Declaration of parenting IT professionals about Internet Blocking - sven
http://translate.google.com/translate?js=n&prev=_t&hl=en&ie=UTF-8&u=http%3A%2F%2Fwww.hanno.de%2Fblog%2F2009%2Ferklarung-von-eltern-aus-it-berufen-zu-internetsperren%2F&sl=de&tl=en&history_state0=

======
limmeau
I don't now how much this topic is discussed outside Germany's blogosphere. A
short summary on what has happened so far: Germany's federal parliament will
be elected in September. Minister Ursula von der Leyen (family, youth) decided
to do something about child abuse: the BKA (federal police office) is supposed
to compile a daily blacklist of child pornography websites which all ISPs are
supposed to block for their customers. Something similar is already deployed
in Norway and other states, though usually not with access logs available to
the police for prosecution.

This met fierce opposition of internet users, who argued that it would be more
effective to just have the local police take down the servers and find the
child abusers, and that turning the BKA into a censorship office would
certainly offer politicians an opportunity to slowly grow the black list to
include other illegal sites and, in a second step, sites with opinions.

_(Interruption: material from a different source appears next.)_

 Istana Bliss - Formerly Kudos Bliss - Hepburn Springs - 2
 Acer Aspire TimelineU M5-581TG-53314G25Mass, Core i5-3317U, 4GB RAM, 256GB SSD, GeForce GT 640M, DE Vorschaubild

This is currently the hot topic number one in German blogs, and the petition
to stop this law is currently the second-most signed petition to the federal
parliament (the most-signed petition being one to reduce taxes on gas).

------
sven
This is a automatic translation of a note from german parents to their
government. In short it says: Please stop politics of symbolism, start
thinking.

May be this thing has to come from international press back to germany.